When we often begin training we like to focus on the nutrition and training consistency. Of course these things matter but there is a piece that is often overlooked if your results are going to go from good to great. What do you do next after your nutrition is in check and after you consistently train?
The missing piece is not removing an extra macro here or there it’s managing your stress response. You need to be able to relax at some point. Recovery is just as important if not more important than your session you just put in the gym. The recovery portion is where you make your gains and increase your fitness so that your next session can be even better. In fact having a higher level of aerobic fitness is associated with a reduced physiological response in the face of psychological stress.

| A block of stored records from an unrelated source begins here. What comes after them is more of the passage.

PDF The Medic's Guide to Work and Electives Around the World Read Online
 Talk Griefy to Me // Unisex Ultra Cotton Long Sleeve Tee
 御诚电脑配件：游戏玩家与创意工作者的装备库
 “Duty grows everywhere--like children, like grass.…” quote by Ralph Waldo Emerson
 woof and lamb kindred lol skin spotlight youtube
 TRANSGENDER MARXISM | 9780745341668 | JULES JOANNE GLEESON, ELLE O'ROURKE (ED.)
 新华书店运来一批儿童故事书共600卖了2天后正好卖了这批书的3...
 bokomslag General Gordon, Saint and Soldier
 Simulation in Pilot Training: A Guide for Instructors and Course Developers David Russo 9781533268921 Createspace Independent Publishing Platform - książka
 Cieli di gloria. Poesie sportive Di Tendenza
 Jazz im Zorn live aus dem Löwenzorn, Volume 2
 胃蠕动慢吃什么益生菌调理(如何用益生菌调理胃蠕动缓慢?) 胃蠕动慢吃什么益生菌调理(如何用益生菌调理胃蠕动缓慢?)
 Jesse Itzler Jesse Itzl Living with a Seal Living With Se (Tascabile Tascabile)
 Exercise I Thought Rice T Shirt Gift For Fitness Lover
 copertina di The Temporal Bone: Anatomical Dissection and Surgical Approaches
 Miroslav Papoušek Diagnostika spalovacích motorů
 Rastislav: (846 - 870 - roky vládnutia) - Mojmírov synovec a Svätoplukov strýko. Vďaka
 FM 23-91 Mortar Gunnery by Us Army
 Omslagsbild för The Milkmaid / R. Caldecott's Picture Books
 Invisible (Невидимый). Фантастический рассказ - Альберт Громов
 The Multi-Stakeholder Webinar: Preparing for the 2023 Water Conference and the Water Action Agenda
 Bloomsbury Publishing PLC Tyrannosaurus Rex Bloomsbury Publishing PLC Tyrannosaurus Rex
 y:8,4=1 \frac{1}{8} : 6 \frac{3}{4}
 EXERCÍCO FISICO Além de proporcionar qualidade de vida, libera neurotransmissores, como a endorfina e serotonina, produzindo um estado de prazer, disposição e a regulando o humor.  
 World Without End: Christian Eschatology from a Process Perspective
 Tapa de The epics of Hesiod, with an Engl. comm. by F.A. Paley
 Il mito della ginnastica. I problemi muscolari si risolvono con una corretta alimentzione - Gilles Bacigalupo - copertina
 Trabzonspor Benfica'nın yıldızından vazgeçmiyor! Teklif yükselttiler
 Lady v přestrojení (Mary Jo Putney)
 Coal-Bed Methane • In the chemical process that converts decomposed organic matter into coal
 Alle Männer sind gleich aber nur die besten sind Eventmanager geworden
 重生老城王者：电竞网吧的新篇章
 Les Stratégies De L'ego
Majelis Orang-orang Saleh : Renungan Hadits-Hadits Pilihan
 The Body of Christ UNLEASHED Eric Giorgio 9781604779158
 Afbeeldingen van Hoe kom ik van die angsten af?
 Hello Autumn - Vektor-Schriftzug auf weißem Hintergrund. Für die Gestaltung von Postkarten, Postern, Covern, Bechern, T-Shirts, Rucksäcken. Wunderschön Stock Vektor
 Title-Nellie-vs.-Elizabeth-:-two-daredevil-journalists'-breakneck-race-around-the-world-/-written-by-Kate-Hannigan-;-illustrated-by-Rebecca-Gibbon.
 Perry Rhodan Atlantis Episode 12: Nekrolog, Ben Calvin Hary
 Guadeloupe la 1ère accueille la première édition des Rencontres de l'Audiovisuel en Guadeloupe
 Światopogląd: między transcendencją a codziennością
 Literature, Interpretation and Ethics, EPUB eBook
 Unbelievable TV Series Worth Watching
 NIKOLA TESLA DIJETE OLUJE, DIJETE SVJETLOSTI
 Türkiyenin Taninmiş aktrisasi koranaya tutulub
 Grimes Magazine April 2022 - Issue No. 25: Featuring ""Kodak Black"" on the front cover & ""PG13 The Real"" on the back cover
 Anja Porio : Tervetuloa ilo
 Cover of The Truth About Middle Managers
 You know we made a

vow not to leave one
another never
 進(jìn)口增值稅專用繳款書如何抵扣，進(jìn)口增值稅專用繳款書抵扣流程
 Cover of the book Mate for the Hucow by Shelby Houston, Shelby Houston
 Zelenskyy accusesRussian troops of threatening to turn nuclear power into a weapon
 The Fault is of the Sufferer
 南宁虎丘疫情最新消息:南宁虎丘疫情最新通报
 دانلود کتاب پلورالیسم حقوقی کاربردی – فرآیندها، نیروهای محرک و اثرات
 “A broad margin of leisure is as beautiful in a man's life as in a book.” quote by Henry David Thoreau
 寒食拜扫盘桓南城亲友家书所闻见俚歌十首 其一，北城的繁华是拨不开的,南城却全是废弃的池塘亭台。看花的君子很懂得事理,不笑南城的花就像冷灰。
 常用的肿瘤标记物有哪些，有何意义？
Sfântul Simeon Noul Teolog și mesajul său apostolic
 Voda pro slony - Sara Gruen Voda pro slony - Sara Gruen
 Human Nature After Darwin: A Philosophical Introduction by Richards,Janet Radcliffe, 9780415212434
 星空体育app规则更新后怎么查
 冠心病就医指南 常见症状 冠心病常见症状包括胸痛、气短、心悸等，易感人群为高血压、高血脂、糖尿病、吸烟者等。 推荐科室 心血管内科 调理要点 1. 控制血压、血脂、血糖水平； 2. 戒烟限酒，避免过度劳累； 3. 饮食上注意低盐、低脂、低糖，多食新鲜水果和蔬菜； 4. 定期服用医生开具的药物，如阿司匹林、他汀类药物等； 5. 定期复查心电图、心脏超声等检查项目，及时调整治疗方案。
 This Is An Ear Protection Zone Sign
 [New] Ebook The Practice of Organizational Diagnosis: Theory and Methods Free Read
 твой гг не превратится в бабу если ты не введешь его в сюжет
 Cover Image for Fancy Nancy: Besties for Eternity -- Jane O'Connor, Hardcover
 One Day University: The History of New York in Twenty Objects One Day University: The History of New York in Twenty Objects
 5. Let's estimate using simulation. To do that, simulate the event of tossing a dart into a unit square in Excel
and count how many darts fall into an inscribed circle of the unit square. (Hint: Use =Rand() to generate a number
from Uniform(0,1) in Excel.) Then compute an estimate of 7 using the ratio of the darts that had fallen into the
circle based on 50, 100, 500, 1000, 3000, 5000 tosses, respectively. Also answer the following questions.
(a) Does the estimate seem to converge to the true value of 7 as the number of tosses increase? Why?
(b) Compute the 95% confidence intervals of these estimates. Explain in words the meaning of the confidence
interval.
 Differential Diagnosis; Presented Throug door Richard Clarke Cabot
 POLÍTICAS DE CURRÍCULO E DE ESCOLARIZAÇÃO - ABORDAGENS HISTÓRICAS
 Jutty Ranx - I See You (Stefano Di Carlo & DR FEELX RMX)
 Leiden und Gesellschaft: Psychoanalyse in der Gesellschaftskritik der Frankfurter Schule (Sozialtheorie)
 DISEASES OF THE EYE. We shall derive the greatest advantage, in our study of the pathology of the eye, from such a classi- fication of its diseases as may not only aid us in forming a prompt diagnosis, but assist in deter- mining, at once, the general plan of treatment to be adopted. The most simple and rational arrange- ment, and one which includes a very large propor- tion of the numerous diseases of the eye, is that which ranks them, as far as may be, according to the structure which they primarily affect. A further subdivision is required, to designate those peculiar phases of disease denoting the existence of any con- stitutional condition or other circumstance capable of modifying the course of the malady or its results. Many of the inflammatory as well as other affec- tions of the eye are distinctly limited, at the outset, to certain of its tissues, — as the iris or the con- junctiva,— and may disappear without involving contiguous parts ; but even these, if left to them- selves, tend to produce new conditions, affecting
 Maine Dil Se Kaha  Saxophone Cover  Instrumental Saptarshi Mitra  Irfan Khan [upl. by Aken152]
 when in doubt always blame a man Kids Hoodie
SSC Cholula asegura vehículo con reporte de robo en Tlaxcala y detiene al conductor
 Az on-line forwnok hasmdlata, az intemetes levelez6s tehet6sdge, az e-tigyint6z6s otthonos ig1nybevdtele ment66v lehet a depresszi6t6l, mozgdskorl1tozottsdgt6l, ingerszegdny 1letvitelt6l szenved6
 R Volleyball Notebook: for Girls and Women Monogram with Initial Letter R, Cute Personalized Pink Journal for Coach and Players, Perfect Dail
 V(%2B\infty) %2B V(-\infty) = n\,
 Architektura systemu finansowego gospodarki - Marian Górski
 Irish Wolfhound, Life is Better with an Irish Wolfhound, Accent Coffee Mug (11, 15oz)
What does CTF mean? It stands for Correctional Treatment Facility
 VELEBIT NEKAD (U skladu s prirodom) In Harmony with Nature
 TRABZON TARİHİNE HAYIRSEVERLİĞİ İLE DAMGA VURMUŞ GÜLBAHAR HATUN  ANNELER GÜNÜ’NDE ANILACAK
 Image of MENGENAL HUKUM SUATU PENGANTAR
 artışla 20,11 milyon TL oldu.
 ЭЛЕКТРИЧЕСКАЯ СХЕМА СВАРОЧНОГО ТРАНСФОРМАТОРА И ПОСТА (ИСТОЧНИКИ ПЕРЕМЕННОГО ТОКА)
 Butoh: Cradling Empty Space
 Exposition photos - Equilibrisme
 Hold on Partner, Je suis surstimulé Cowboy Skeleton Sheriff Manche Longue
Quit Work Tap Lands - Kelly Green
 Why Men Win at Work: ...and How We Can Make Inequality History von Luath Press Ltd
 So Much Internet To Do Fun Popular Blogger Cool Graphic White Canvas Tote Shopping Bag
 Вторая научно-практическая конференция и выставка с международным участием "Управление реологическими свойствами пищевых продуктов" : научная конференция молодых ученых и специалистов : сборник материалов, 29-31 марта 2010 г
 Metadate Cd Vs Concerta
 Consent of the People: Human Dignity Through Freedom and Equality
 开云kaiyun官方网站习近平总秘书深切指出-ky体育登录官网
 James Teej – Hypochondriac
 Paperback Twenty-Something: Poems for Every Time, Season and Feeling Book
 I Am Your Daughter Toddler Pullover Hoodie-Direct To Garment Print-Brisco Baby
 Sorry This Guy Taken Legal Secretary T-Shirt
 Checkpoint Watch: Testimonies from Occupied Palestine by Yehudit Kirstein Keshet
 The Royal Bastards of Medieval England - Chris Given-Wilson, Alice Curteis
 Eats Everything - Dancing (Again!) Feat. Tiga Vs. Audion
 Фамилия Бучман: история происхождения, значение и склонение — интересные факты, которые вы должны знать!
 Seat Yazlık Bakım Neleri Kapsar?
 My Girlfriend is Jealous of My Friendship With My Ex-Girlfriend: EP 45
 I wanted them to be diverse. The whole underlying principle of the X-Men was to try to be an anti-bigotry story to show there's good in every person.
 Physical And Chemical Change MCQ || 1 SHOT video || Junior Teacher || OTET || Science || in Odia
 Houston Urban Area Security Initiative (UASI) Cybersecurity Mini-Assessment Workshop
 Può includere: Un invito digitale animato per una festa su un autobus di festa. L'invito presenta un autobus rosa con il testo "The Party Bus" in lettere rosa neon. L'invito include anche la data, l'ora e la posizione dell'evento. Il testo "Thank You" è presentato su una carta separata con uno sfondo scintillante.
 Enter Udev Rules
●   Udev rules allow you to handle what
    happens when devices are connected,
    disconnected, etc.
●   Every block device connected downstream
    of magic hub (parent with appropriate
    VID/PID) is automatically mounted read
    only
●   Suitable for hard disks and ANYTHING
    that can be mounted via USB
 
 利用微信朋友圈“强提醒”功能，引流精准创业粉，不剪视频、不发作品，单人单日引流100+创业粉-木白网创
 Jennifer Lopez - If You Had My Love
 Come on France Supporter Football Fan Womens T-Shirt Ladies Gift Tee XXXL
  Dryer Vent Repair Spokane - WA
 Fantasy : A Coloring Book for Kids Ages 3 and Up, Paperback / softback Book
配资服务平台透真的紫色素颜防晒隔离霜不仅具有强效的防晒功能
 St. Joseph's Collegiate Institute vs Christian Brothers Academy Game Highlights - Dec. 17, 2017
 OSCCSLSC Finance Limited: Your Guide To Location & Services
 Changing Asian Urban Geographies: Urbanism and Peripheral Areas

Studies have found that those with higher stress levels have an impaired ability to recover quicker and lessens the ability to adapt to weight training and therefore require more days ‘off’ training to recover adequately. So by encountering more physical stressful situations you reduce your ability to get both fitter and stronger.
If you are someone who regularly has physiological reactions (Higher HR, fidgeting, sweat response etc) to stress you overload your sympathetic nervous system (SNS)- reducing your sleep quality, aerobic capacity and strength. In today’s world we often overload our SNS with stimuli that activates our amygdala and cortisol and often forget about its counterpart.
To overcome these issues you need to put load on the parasympathetic nervous system (PNS). We do this by relaxing. Being present, having a massage, deep breathing, meditating, being in nature, enjoying the moment and take perspective during what you consider a stressful situation. These strategies and techniques strengthen the PNS and ultimately relax the mind and body.